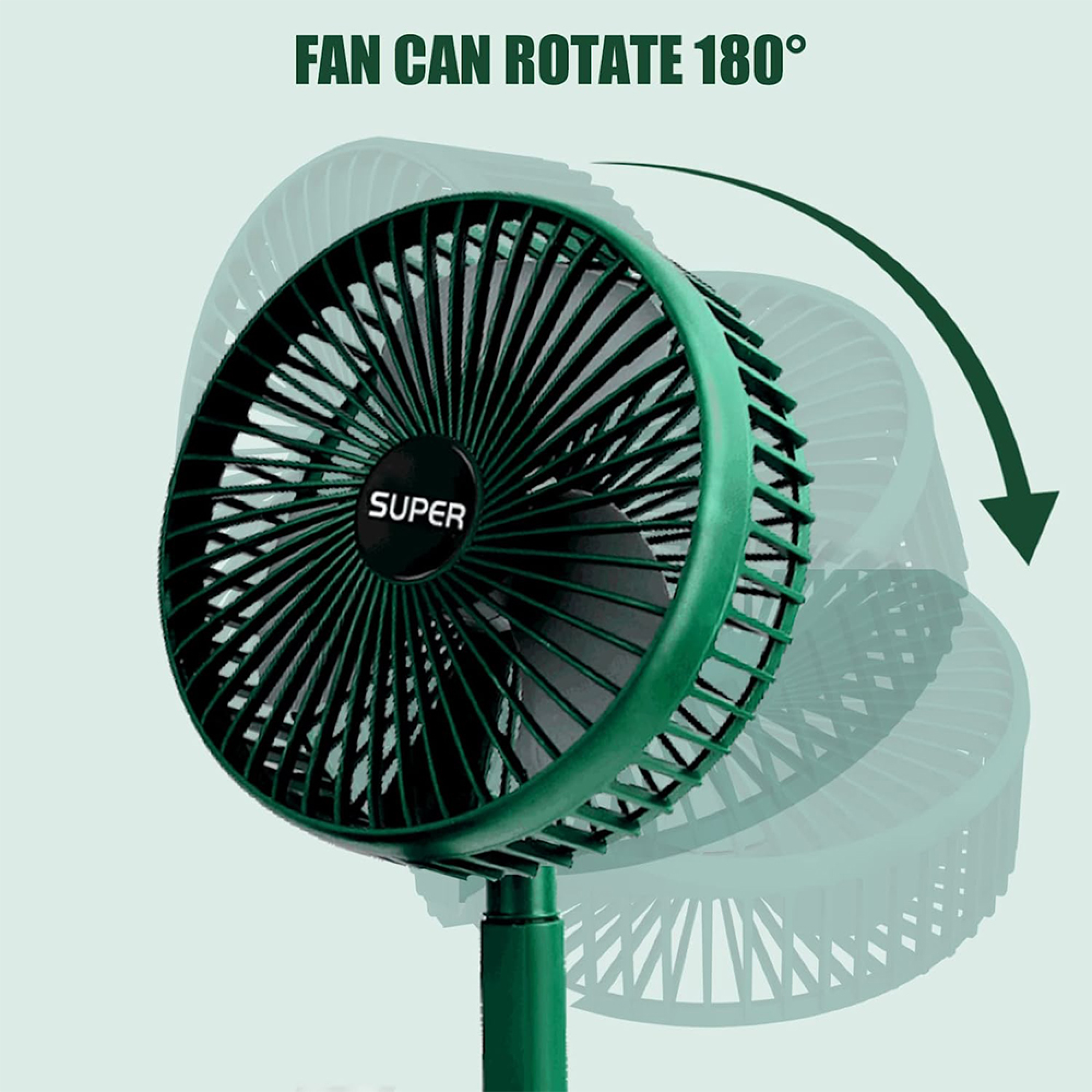 Ein grüner Ventilator mit der Aufschrift SUPER kann sich um 180 Grad drehen.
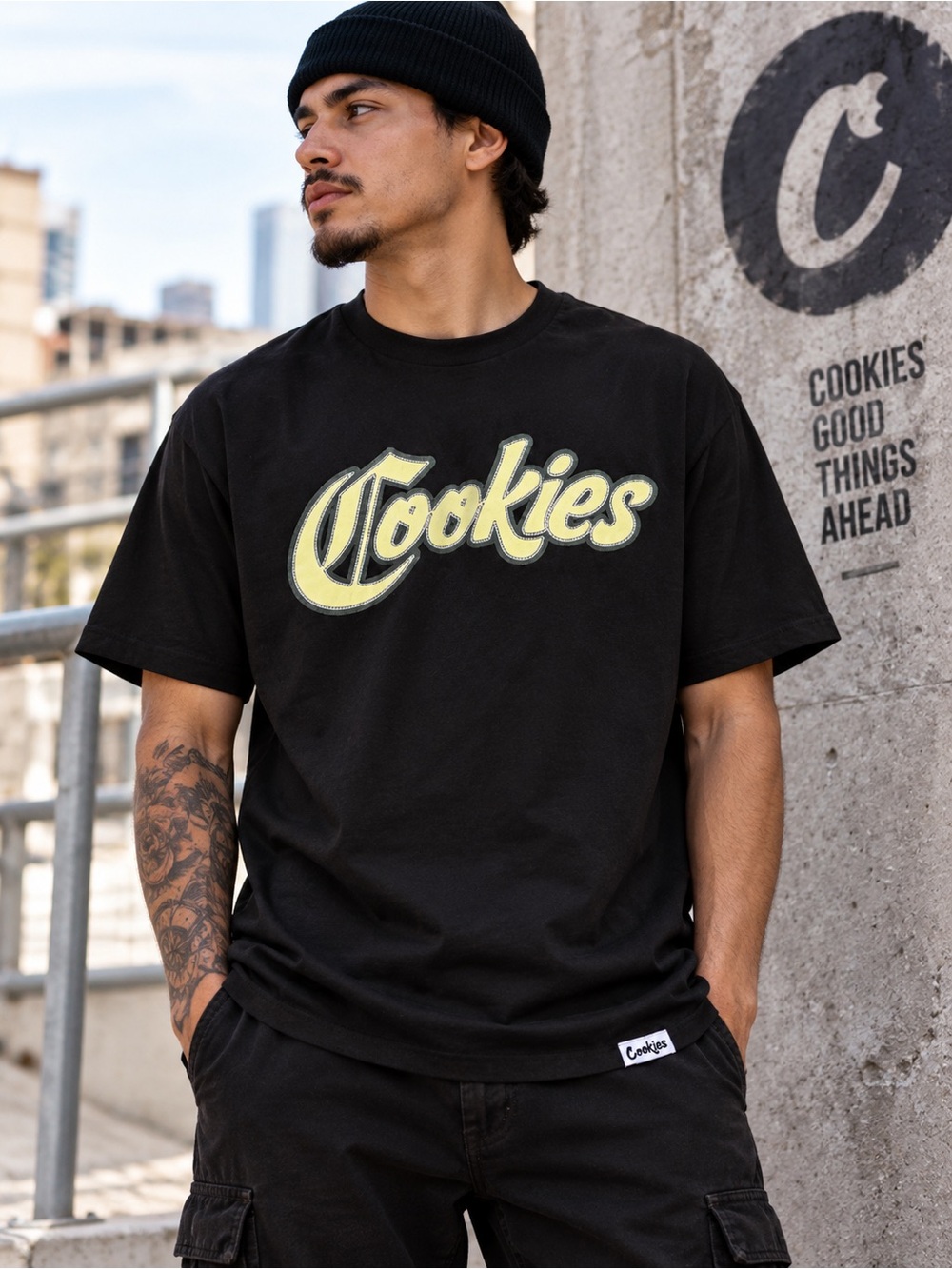 COOKIES Good Things Ahead Men’s XL Black Logo Graphic Crew Neck T-Shirt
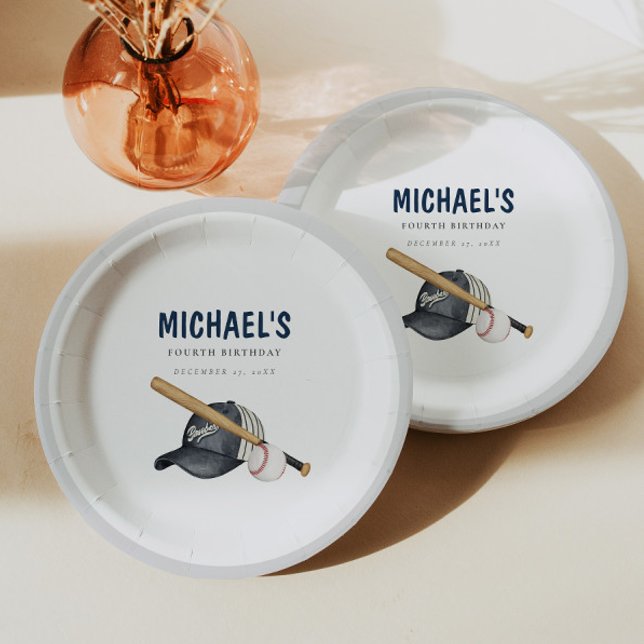 Prato De Papel Placas de papel de aniversário de beisebol minimal (Criador carregado)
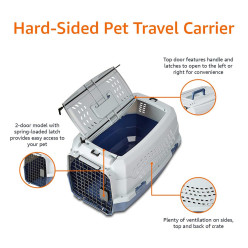 top-load hard-sided pet travel carrier largest box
_____
Problem requirements:
With the pictures left out, give again exactly the lines from the one that contains "Prato De Papel" through the final line of the data above.

Worked solution:
 Prato De Papel Placas de papel de aniversário de beisebol minimal (Criador carregado)
 top-load hard-sided pet travel carrier largest box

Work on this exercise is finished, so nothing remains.